══ Source material ══

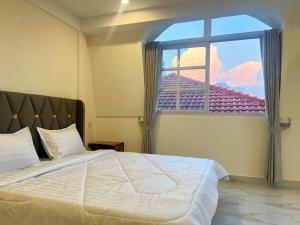 a bedroom with a large bed and a window at A Z Hotel Phnom Penh in Phnom Penh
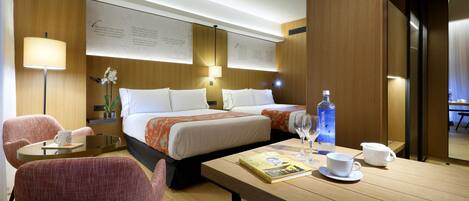 Une chambre d’hôtel comprenant un lit, deux tables de chevet, un bureau avec une chaise, une petite table avec une chaise et une plante en pot.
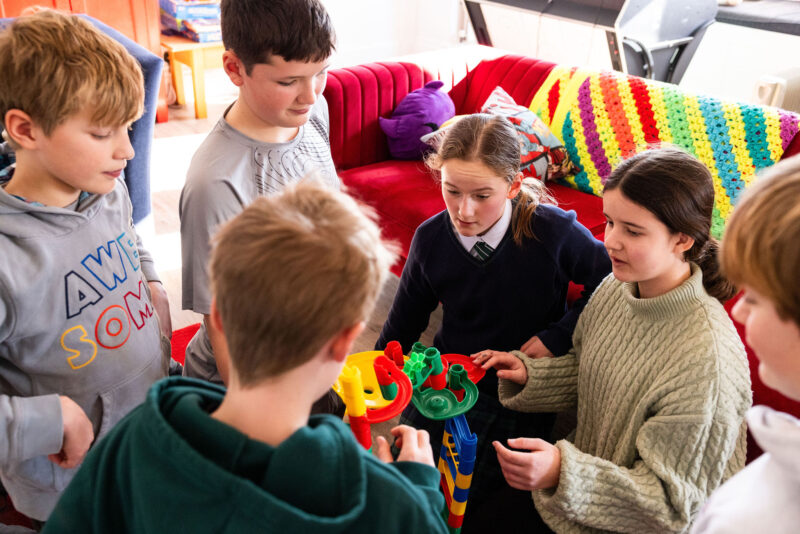 Boys and girls constructing model together in school boarding house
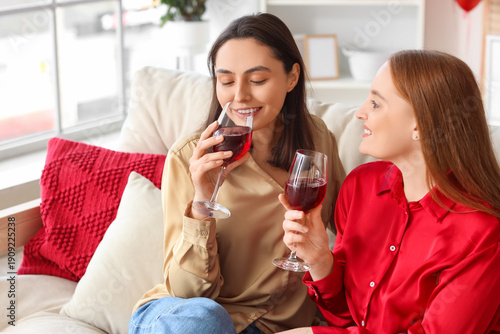 Young lesbian couple drinki...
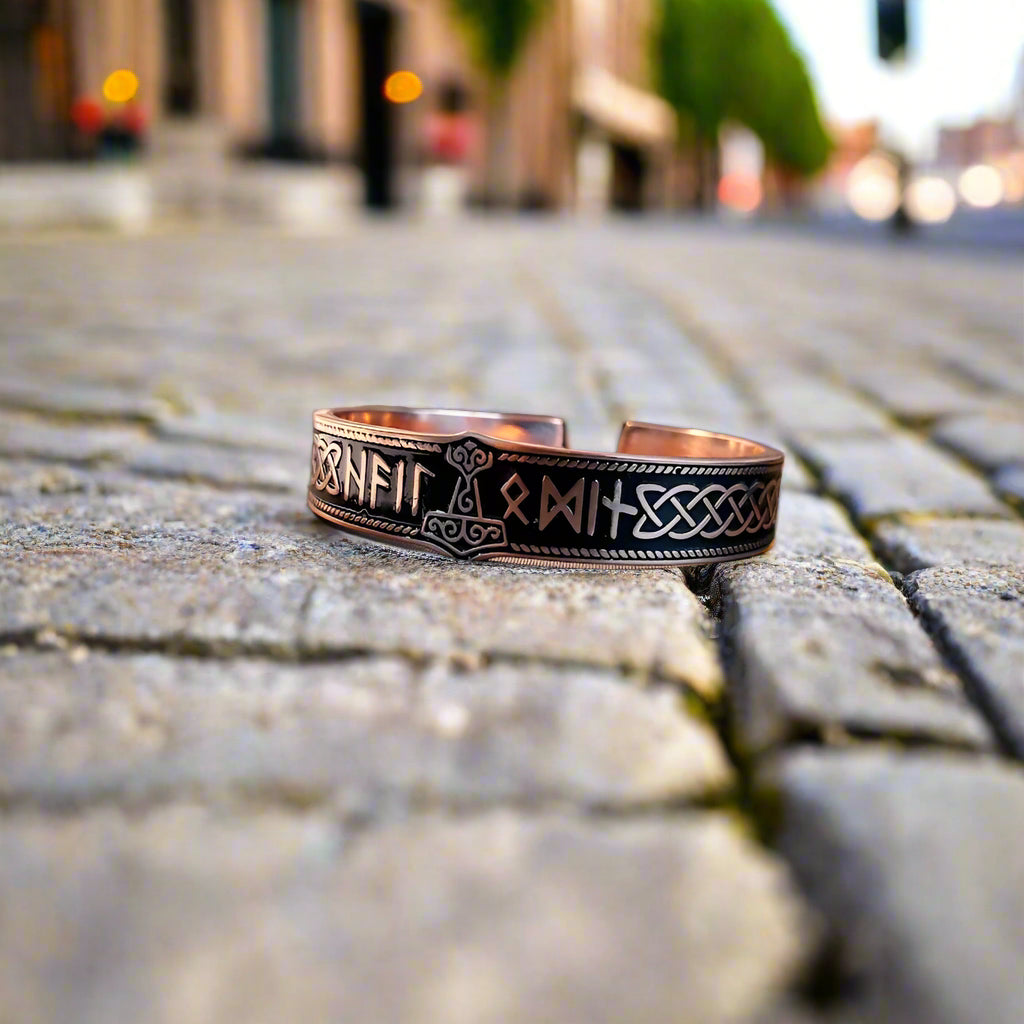 Celtic knot and rune bracelet on a desk with a blurred office background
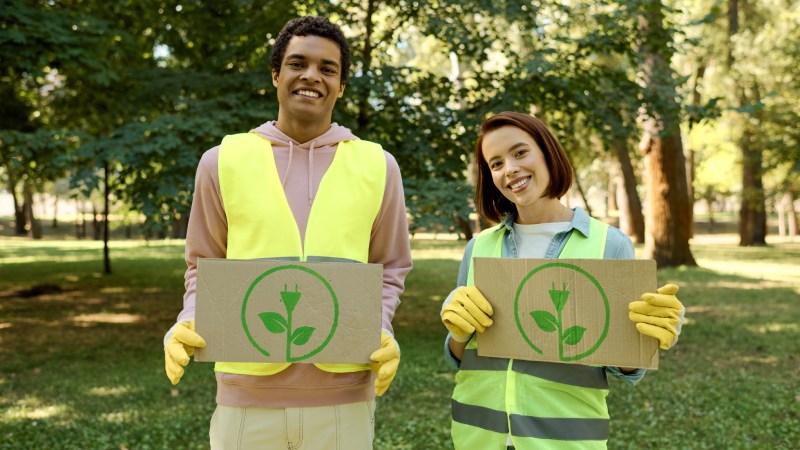 Blog Ambiental • Jovens ambientalistas seguram cartazes com símbolo de sustentabilidade em parque arborizado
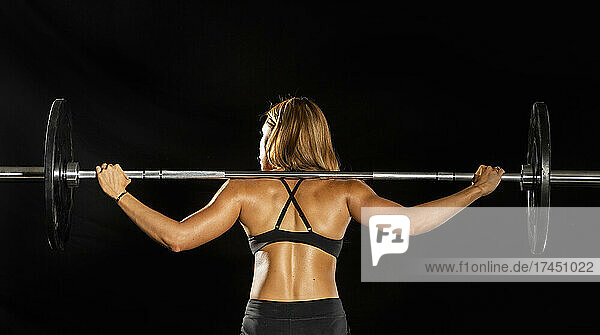 woman training with barbell on a black background in gym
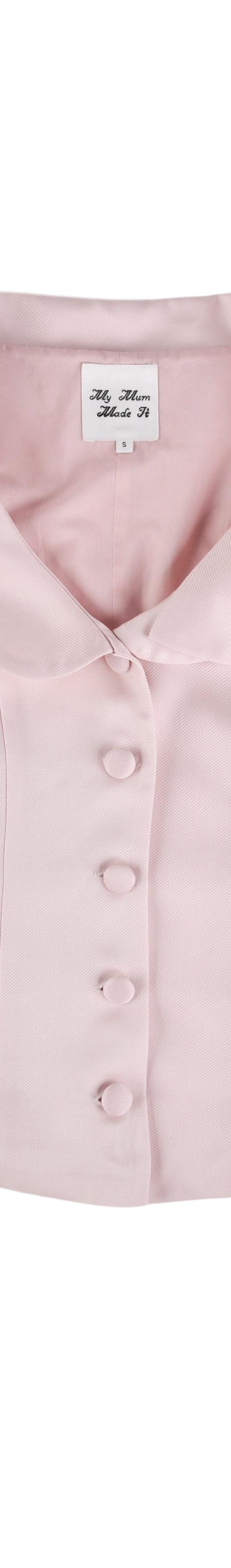 A pale pink My Mum Made It satin blouse with a rounded collar and flared sleeves on a plain white background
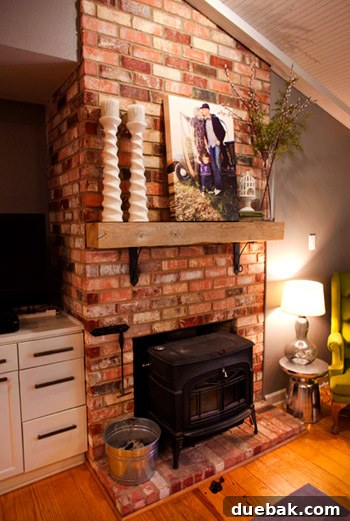 Rustic brick fireplace and lofted ceilings in Kelly Moore's living room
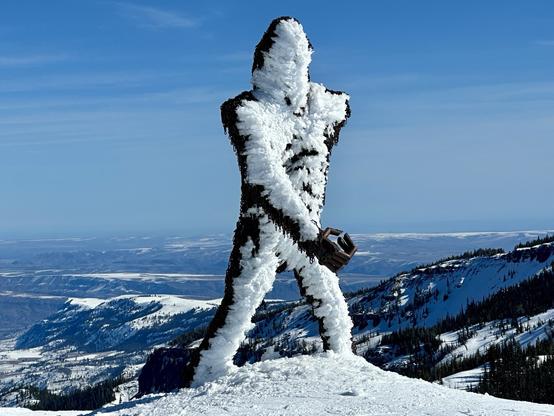 A snow-covered sculpture resembling Sasquatch stands on a snowy landscape, holding an empty clenched fist. The background features distant mountains and a clear blue sky.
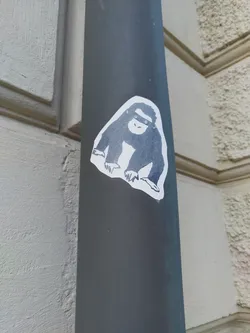 A sticker featuring a simple, grayscale drawing of a monkey. The monkey is depicted in a seated position, with its hands resting on its knees. The sticker is affixed to a dark gray pole.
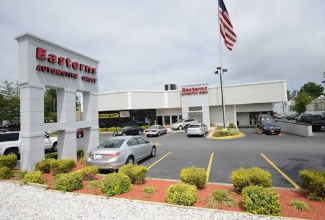 Car dealership lot with a white building, parked cars, and an Eastern sign under a cloudy sky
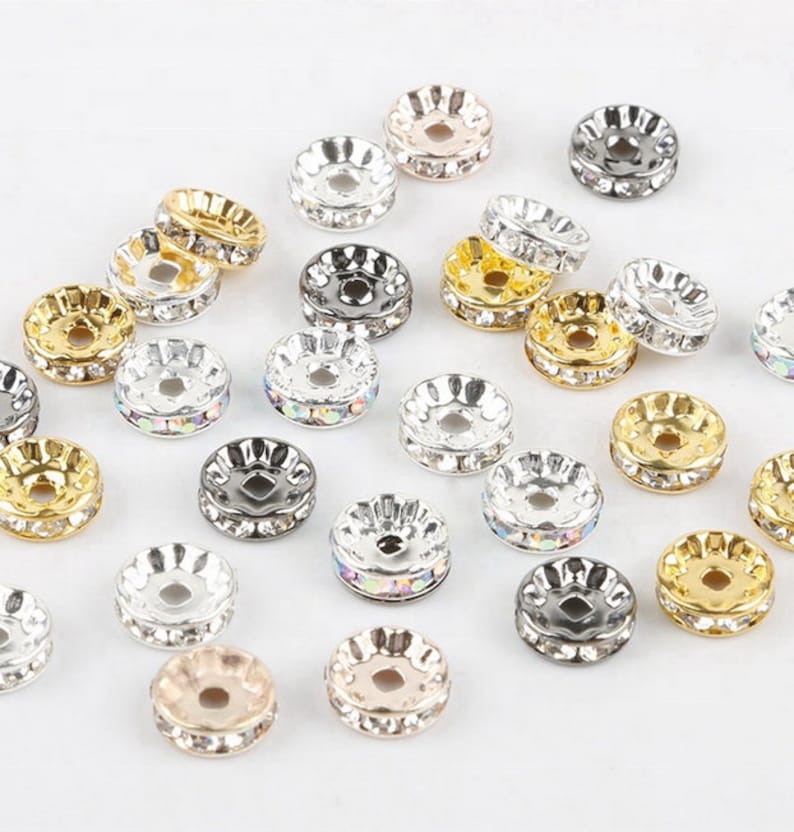 May include: A collection of round, disc-shaped metal spacer beads featuring a central hole and a row of embedded clear or iridescent rhinestones along the edge. The beads are finished in various metallic tones including gold, silver, and rose gold.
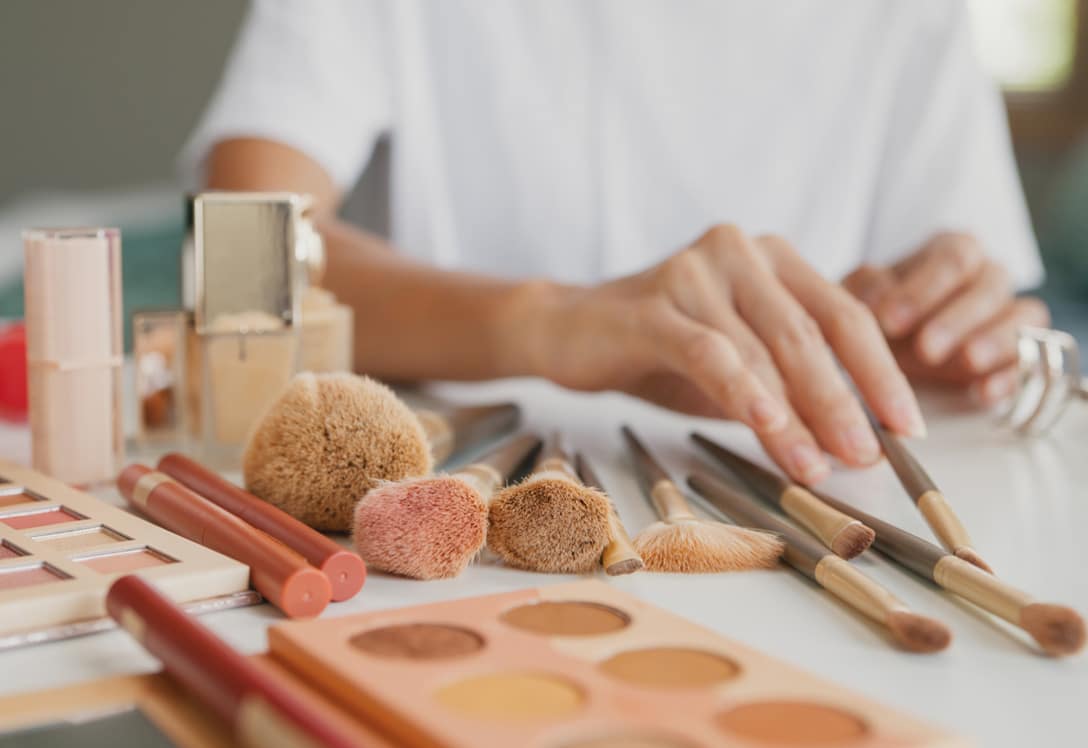 manos jóvenes ordenando maquillaje para su emprendimiento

═══

> Aim of the exercise:
Give every record back exactly as it reads, with no images.

> Result of this exercise:
 a bedroom with a large bed and a window at A Z Hotel Phnom Penh in Phnom Penh
 Une chambre d’hôtel comprenant un lit, deux tables de chevet, un bureau avec une chaise, une petite table avec une chaise et une plante en pot.
 Boys and girls constructing model together in school boarding house
 Young lesbian couple drinki...
 Celtic knot and rune bracelet on a desk with a blurred office background
 Blog Ambiental • Jovens ambientalistas seguram cartazes com símbolo de sustentabilidade em parque arborizado
 woman training with barbell on a black background in gym
 A pale pink My Mum Made It satin blouse with a rounded collar and flared sleeves on a plain white background
 Rustic brick fireplace and lofted ceilings in Kelly Moore's living room
 A snow-covered sculpture resembling Sasquatch stands on a snowy landscape, holding an empty clenched fist. The background features distant mountains and a clear blue sky.
 A sticker featuring a simple, grayscale drawing of a monkey. The monkey is depicted in a seated position, with its hands resting on its knees. The sticker is affixed to a dark gray pole.
 Car dealership lot with a white building, parked cars, and an Eastern sign under a cloudy sky
 May include: A collection of round, disc-shaped metal spacer beads featuring a central hole and a row of embedded clear or iridescent rhinestones along the edge. The beads are finished in various metallic tones including gold, silver, and rose gold.
 manos jóvenes ordenando maquillaje para su emprendimiento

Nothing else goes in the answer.